What is expected — Below this line is a set of entries; quote exactly the lines from the line that contains "CELINE TRIOMPHE MACADAM" to the line that contains "Yes4pets Grey Small", both lines included.

━━━ Provided data ━━━

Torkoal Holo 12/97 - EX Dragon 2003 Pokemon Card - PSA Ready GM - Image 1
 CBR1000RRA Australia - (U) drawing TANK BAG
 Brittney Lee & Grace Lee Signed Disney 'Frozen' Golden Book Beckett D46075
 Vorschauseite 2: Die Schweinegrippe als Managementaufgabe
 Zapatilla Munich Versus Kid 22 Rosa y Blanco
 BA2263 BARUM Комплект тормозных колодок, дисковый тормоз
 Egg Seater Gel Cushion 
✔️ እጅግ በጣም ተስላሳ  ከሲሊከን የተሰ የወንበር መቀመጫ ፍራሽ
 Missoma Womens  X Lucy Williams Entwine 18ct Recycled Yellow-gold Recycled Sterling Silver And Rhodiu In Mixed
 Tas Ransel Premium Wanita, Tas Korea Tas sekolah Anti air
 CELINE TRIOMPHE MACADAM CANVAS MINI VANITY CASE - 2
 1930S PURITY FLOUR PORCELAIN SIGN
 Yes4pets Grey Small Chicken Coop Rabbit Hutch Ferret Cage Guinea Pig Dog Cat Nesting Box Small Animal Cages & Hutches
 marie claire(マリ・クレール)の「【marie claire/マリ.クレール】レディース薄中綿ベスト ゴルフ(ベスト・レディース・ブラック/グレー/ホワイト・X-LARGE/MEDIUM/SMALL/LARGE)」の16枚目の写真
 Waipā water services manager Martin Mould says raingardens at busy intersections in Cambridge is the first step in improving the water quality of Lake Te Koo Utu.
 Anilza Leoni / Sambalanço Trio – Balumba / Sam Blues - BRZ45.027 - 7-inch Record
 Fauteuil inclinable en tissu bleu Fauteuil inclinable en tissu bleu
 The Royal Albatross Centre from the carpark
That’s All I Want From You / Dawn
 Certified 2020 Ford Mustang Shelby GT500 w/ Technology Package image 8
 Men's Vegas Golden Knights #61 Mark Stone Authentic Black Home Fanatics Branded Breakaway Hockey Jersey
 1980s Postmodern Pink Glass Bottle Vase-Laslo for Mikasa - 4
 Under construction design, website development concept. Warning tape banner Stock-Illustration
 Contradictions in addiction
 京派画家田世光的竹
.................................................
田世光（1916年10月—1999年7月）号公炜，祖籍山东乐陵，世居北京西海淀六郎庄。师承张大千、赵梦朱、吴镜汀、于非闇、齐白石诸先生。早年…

━━━

Result of the exercise —
 CELINE TRIOMPHE MACADAM CANVAS MINI VANITY CASE - 2
 1930S PURITY FLOUR PORCELAIN SIGN
 Yes4pets Grey Small Chicken Coop Rabbit Hutch Ferret Cage Guinea Pig Dog Cat Nesting Box Small Animal Cages & Hutches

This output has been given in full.